“She will blaze through you like a gypsy wildfire. Igniting your soul and dancing in its flames. And when she is gone, the smell of her smoke will be the only thing left to soothe you…” Nicole Lyons
Dame Laura Knight – Gypsy Splendour (Fine Feathers), 1938.
Does everything that blazes burn out? Turn to ashes? In the end, is it all just a matter of changing form? So. Capture that which we love in Art, and Faith, and Memory. Only to forget when the mind wanders of its own before or after its time as marked by the world. Embrace Ecstasy.
“You do not have to be good. You do not have to walk on your knees for a hundred miles through the desert, repenting. You only have to let the soft animal of your body love what it loves. Tell me about despair, yours, and I will tell you mine. Meanwhile the world goes on. Meanwhile the sun and the clear pebbles of the rain are moving across the landscapes, over the prairies and the deep trees, the mountains and the rivers. Meanwhile the wild geese, high in the clean blue air, are heading home again. Whoever you are, no matter how lonely, the world offers itself to your imagination, calls to you like the wild geese, harsh and exciting – over and over announcing your place in the family of things.”
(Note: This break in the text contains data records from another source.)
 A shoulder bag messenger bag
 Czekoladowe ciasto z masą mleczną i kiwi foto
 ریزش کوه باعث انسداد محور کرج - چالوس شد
Posted by Ravenous Butterflies, a very fine site as I’ve said and shared often. It has consistent appeal for me and touches on the things I love.
Something has occurred to me as I enjoyed this and chose it to post. When I was little, in grade school, I collected holy cards. I must have had hundreds. Lord knows where they ended up, I can’t imagine throwing them away, but like many things of childhood, disappeared they are.
So, as I captured this, I thought of those bygone treasures and their singular importance to me. I was struck by the holy-card look of the Mucha painting. How I would have loved to purchase it in the treasured form to be held in the Missal of the Mass. And then it struck me that perhaps I had not stopped collecting at all, but turned to other things such as this, to hold on these pages, or in another venue, but as well both in my heart.
I’ve always known we don’t really grow up, but now I know we don’t quit the things we hold to heart. We just change the form.